And you can also enable pretty-printing with a slightly different syntax:

println!("{:#?}", origin);
Point {
    x: 0,
    y: 0,
}

Coming back to our example, we can finally start to see all the file records being printed to the standard output when we run the project:

$ cargo run
Parsing CSV records
StringRecord(["Agliè", "2608"])
StringRecord(["Airasca", "3790"])
StringRecord(["Ala di Stura", "435"])
StringRecord(["Albiano d\'Ivrea", "1847"])
StringRecord(["Alice Superiore", "694"])
StringRecord(["Almese", "6173"])
StringRecord(["Alpette", "267"])
StringRecord(["Alpignano", "16817"])

...

Chapter 03 - Logging

We ended the second chapter by printing all the cities in the census file to the standard output, and that is quite a lot of output. Let’s see if we can better handle the information we decide to display to stdout.

Usually, we have to deal with different kinds of information, and each information could be associated to how important it is and therefore in what situations we want to display it. This is where logging can help, even when just redirecting output to stdout.

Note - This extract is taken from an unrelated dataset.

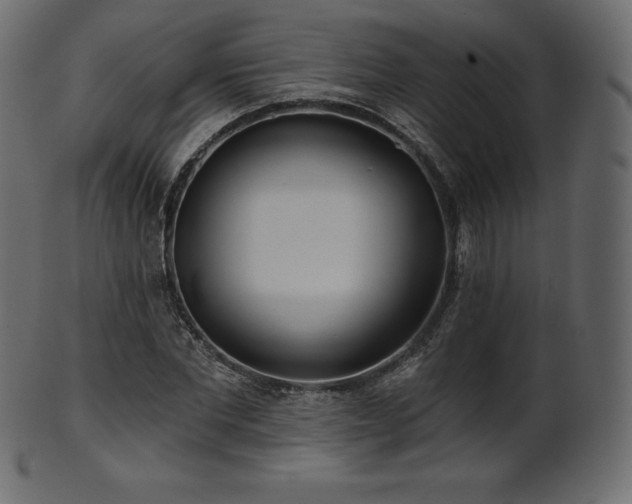 X0000102020877200807181324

What we need is a logging facade (that offers an abstraction to the logging APIs we are going to use) and an implementation. These can be found respectively in the log crate and in the env_logger crate (but there are several other implementations that you are free to try out).

As we have done for the csv library, the first thing to do is to import them as new dependencies in our Cargo.toml file:

[dependencies]
csv = "1.1.3"
env_logger = "0.8.1"
log = "0.4.11"

Using a logger is relatively simple, we just need to initialize the logger implementation and then use the various log APIs provided by the facade according to the level we need (trace, debug, info, warn, or error):

fn main() {
    // initialize the logger implementation
    env_logger::init();

    let dataset = "census.csv";
    log::info!("Reading dataset from {}", dataset);
    let file = fs::File::open(dataset).expect("Cannot read dataset");
    let mut reader = csv::Reader::from_reader(file);

    log::info!("Parsing CSV records");
    for record in reader.records() {
        let record = record.expect("Invalid record");
        log::trace!("{:?}", record);
    }
}

As you can see, we have just replaced the println! macros with log::info! or log::trace! macros according to the level of logging we find the most appropriate. And we can enable different level of logging by setting the environment variable RUST_LOG, for example:

$ RUST_LOG=info cargo run
[2020-10-04T12:17:45Z INFO  benford] Reading dataset from census.csv
[2020-10-04T12:17:45Z INFO  benford] Parsing CSV records

While setting RUST_LOG=trace would also print all the file records.

Chapter 04 - Parsing the Dataset

The next step involves extracting the information we need from each record (i.e. the population value) and building the frequency map of the leading digits.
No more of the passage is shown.